Again a good sharpshooter must know himself-must know his own physical
condition to a nicety. The dictum of a physician that a healthy stomach
is the correlative of a sound mind, is something that a mouth full of
words. And all public speakers have learned a severe cost that their best
efforts have been made when their stomachs were in best trim. And it is
so with the sharpshooter, who if any man ever does, must call upon the
finest and most delicate resources of his mind. If a man be not at all
his best and if he knows his business, he will not attempt any of the
big shooting.
King Hayes, who has hit a ten inch bull’s-eye 198 times out
of a possible 200, at 600 feet, and who has won the crown of the
Schützenfest for three years, thoroughly understands this. “No,
I shall not shoot” he said today; “not until I feel better,
a heavy cold on the stomach you know; I dare not dream of entering the
lists.”
Frank Dettling of the Sacramento Helvitia Club, the man who shot the
first center bull’s-eye of the fest, was the only one in the
morning who ventured his skill upon the Honor Target Germania. Each
member of the National Bund is entitled to only three shots all told,
so they are not in a hurry to try conclusions with it. But Dettling,
unafraid, made a score of 55 out of a possible 75, and so many prizes
have been offered he is not anxious to sell his score card.
A. H. Pape, king of the California Schützen Club, scored 46, 47 and
49 out of a possible 150 on the standard target, 8 shooters on the ring
target scored 71 and 72 out of a possible 75.
The most splendid shooting, however, fell to the credit of C. M. Henderson
of the Golden Gate Rifle and Pistol Club. At the man target he made three
flags and a 19 in succession- that is to say in four shots he made 79
out of a possible 80, beating Harry M Pope by three points.
That this be appreciated by the non-elect it were well to explain this
man target. It represents the head and upper part of a man’s body,
the whole figure being black. It is divided in perpendicular lines half
an inch apart, the center line counting 20 and the numbers running down
each side to 1. Now, at 600 feet the target simply appears black to the
eye, yet Mr.
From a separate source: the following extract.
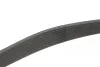Ремень генератора Volvo 9700/9900 12.8D 05- Gates 10PK1513HD (фото 2)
Henderson put three shots dead into the center and a forth
but a half an inch off.
“Pretty close to $200 for the ten days!” his friends cried
jubilantly as they crowded around to congratulate him. It is highly
improbable that any competitor during the remainder of the fest will
make the 80, while possibilities of a tie-score are not many. Anyway
Mr. Henderson does not see his way to accept $190 for his chance at
getting the $200.
It will not come amiss, in conclusion, to speak of the precautions taken
against accidents. No smoking is allowed in the shooting hall. In the same
place, under all circumstances, the rifle must be carried perpendicularly,
the muzzle toward the ceiling. And all manipulations with the rifle,
and all alterations and aiming for the purpose of regulating the sights,
must be done on the stand, the muzzle pointing toward the targets.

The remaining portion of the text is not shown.